YOU READ WHAT? Book Reviews: 50 Shades of Grey Trilogy

Cuffs, Whips, Chains…Oh My!


You’re reading the first post of YOU READ WHAT? Book Reviews (No, that doesn’t mean you get a prize).

As you can tell by my interesting title, I’ll be critiquing an equally interesting book that has garnered not only popularity and criticism but controversy as well. Fifty Shades of Grey is a book that has everyone talking and in this review I’ll also be discussing the other two books in the trilogy as well: Fifty Shades Darker and Fifty Shades Freed. Written by E.L. James, it is the author’s first ever book series and in the near future we’ll expect to see it on the big screen. Um…Yay?


So here’s a quick synopsis:

The story follows the relationship between a recent college graduate, Anastasia Steele, and a billionaire, Christian Grey. Ana soon discovers (after signing a confidentiality agreement, I might add) that this sexy man has sexual tastes that involve bondage, dominance and sadism (BDSM) stemming from a childhood abuse that left him a severely damaged individual. She’s required to sign a contract that will allow Grey to have complete control over her life as his submissive. Ana agrees to the experiment but has difficulty reconciling who she is (a virgin with no real prior, and normal, relationship to use in comparison) with the person Christian wants her to be: a submissive.

Quite the read, right? Now we’re at the part of the review where I say to all of you who don’t want spoilers to not continue on.

Yay! You stuck around which means you’ve either read the book(s) or could care less about the spoilers. Both are fine with me. Now let’s get to the review and my opinions.

I really didn’t like this book. First off, the writing was terrible in every sense of the word. It felt amateurish and there was too much telling and not enough showing. What does that mean? An example of this would be:

Character 1: I’m so broken. I’m emotionally scarred due to the childhood trauma I faced so long ago.


Character 2: I trace the scar on my hand and shut my eyes as unwanted flashes of before come streaming in.

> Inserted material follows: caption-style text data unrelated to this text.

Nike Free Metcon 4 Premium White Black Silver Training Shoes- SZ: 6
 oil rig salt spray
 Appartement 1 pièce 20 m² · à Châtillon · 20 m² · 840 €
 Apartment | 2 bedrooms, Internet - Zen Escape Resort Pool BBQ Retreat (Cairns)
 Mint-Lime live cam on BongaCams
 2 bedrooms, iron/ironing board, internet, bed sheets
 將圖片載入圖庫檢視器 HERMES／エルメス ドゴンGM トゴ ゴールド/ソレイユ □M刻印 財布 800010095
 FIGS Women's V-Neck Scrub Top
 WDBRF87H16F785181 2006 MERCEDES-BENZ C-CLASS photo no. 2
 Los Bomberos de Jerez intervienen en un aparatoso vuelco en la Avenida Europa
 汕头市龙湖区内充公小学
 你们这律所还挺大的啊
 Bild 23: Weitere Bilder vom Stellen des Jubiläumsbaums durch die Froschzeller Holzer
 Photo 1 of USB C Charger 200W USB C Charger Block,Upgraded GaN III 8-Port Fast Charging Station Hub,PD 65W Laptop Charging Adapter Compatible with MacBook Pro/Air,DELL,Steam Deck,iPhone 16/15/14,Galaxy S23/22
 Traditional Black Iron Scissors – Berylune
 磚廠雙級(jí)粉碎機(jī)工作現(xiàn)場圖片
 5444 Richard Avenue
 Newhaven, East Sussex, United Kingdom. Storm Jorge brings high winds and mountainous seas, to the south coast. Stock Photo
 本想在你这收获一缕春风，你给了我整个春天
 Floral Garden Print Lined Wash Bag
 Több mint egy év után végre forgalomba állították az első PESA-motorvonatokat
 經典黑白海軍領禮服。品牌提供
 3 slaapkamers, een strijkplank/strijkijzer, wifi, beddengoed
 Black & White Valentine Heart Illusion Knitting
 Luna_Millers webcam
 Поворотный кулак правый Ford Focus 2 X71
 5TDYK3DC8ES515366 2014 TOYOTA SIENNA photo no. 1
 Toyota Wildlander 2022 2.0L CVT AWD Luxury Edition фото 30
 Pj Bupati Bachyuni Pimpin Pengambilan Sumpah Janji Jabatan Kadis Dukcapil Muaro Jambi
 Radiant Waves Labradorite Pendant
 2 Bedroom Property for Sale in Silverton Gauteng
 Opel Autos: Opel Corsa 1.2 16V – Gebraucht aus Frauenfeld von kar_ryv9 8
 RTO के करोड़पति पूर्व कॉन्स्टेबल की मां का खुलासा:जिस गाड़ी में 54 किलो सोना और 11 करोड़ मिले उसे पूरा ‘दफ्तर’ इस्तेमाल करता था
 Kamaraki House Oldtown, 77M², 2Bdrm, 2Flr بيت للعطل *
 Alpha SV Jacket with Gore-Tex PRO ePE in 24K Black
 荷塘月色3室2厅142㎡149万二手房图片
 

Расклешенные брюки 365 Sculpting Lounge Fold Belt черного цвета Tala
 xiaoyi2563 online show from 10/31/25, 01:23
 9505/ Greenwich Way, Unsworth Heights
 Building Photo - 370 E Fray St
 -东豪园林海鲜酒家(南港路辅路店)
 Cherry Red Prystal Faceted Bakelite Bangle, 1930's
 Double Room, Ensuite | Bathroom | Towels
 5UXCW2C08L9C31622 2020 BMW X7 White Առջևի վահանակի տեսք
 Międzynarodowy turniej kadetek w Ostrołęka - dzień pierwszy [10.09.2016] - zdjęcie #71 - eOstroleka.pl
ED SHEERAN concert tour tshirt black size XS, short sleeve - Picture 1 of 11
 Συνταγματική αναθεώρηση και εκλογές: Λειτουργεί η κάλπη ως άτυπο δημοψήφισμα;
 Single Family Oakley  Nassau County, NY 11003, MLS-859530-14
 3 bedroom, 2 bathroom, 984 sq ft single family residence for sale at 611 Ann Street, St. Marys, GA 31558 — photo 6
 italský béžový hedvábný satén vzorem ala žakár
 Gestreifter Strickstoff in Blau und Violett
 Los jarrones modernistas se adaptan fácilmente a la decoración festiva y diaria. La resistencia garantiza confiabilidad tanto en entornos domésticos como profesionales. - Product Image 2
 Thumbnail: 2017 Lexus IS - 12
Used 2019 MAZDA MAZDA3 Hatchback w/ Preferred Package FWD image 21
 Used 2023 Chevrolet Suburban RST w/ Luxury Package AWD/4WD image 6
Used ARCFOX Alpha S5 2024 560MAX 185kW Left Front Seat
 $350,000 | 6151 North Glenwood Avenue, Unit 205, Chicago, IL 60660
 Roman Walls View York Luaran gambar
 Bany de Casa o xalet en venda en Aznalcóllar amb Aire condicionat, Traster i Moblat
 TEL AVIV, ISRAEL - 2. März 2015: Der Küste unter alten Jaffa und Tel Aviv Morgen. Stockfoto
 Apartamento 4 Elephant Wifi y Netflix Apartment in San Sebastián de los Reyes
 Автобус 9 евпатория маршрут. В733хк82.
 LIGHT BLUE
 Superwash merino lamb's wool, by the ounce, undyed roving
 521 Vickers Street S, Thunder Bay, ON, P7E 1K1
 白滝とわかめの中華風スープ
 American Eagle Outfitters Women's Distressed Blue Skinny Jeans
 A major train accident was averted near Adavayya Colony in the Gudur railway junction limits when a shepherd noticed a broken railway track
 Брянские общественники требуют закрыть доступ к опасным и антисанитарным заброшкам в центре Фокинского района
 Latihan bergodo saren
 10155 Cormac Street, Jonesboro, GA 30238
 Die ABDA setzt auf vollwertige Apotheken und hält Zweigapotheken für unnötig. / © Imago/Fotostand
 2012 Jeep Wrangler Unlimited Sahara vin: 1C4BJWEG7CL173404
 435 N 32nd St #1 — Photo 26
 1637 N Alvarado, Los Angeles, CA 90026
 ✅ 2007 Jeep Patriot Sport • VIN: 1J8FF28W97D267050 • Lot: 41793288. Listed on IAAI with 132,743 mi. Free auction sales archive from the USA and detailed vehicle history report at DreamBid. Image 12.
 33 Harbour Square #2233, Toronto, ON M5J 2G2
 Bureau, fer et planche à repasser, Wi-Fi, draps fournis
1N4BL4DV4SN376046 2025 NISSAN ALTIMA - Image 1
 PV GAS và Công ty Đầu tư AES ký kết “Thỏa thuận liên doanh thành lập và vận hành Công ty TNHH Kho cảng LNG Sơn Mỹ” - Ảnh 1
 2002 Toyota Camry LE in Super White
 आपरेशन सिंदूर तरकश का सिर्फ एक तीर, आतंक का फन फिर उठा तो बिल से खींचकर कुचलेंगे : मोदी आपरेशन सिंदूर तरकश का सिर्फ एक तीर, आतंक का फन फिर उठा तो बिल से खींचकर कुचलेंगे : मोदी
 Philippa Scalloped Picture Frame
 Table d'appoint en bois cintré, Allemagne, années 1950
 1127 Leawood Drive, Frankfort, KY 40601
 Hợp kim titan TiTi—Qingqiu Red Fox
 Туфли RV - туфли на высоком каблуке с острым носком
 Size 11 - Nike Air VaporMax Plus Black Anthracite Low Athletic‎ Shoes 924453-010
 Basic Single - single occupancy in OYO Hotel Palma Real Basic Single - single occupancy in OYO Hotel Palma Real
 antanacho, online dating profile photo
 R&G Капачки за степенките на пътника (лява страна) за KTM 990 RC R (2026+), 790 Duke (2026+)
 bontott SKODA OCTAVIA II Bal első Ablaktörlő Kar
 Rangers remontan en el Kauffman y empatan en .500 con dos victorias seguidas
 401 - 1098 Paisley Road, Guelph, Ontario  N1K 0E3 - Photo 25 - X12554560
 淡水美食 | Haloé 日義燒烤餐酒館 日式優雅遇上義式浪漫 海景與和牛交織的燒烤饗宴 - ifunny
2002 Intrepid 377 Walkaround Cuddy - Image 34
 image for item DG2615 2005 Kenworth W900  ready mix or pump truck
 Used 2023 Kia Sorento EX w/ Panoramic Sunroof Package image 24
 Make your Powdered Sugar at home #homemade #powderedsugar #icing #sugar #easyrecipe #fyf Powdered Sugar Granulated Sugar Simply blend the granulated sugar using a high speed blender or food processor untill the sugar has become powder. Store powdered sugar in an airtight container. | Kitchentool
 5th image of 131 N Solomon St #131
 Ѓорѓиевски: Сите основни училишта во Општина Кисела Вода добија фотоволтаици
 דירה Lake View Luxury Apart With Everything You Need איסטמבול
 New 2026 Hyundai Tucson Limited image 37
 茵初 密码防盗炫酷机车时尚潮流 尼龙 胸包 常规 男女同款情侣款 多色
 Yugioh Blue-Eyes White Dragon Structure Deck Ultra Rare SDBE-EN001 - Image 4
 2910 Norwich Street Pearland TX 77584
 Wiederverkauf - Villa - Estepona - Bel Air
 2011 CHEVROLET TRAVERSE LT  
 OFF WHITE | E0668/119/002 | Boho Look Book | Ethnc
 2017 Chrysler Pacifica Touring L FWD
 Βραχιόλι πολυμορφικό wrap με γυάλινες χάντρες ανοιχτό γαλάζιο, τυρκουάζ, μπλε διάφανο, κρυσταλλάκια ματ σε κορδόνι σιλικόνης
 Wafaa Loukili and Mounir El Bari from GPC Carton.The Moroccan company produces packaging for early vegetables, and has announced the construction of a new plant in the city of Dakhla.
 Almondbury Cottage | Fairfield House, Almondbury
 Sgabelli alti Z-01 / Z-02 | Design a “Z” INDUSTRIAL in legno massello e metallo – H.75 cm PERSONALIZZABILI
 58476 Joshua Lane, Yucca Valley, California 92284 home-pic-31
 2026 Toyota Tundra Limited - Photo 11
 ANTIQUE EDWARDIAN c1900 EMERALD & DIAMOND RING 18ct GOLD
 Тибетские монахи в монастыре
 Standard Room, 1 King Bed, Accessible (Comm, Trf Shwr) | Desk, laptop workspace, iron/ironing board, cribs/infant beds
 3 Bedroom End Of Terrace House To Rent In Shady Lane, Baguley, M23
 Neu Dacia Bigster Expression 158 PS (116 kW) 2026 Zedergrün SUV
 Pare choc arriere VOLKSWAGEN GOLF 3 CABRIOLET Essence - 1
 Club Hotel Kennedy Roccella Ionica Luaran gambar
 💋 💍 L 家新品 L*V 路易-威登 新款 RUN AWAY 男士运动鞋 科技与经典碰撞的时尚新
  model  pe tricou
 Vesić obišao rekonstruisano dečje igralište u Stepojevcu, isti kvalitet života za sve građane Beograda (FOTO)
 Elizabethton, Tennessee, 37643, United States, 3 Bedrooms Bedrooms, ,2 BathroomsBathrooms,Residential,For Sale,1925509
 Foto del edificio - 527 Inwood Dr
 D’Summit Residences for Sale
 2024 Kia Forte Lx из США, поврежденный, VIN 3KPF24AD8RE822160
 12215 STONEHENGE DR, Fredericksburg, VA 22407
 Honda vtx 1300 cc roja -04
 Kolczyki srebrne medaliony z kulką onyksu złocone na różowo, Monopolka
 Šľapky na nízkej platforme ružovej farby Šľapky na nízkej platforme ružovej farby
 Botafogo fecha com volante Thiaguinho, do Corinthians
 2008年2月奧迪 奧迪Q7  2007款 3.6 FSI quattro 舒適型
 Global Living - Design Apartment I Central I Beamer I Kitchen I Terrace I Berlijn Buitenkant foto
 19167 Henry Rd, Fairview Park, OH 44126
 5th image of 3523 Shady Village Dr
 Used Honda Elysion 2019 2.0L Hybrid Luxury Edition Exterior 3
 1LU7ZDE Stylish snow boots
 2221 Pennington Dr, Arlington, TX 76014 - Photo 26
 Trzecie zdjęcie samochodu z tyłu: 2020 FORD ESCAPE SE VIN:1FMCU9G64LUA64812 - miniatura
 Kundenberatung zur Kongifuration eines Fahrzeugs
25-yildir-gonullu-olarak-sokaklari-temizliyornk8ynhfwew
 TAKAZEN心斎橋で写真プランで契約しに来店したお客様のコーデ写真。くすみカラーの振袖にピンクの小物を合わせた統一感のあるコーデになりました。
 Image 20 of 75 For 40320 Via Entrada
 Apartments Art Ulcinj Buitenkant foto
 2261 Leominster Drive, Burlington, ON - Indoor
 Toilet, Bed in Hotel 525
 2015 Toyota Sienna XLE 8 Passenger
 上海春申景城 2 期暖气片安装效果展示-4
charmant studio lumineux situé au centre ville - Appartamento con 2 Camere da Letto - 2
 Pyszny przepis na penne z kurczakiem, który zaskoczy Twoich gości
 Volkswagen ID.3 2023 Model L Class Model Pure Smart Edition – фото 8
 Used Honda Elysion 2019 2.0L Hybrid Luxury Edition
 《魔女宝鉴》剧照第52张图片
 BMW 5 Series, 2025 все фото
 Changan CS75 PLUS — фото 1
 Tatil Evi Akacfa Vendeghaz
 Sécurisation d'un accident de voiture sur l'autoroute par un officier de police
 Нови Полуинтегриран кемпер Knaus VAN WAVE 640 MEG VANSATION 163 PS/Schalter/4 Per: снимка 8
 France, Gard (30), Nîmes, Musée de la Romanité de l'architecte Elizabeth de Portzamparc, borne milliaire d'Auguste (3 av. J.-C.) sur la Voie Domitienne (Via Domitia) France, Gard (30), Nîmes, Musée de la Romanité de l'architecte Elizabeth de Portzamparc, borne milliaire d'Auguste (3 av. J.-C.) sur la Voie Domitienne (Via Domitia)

The first example is TELLING and the second is SHOWING. These aren’t perfect examples but they do show the differences between the two approaches. As writers, we’re told that our readers aren’t stupid. Of course, there are times where important information needs to be outright given for the story to make sense but most of the time (or half the time. It’s not an exact science after all) readers can infer to what’s going on in the story through the actions of the characters. The book is told in Ana’s perspective which means we have access to her thoughts but a lot of her thoughts are far too repetitive for my liking (including particular words like MERCURIAL which appears in the book over a dozen times to point of being noticeable) and ends up becoming annoying. It’s like having Kim Kardashian’s voice in your head constantly and never shutting up.

Another reason why I disliked this book was the subject matter. I don’t care what two people do in the bedroom as long as they’re both consenting adults. With that being said, the relationship between Ana and Christian is unhealthy. He’s controlling and Ana does stand up to him a few times but mostly, when she does, she ends up backing off because “he loves her” and he’s so damaged that all he needs is time to figure his shit out. They have this almost I-Can’t-Live-Without-You vibe going on with each that reminds me of the relationship between Bella and Edward from Twilight which, again, isn’t healthy. Throw in his S&M fascination and you have a seriously messed up couple.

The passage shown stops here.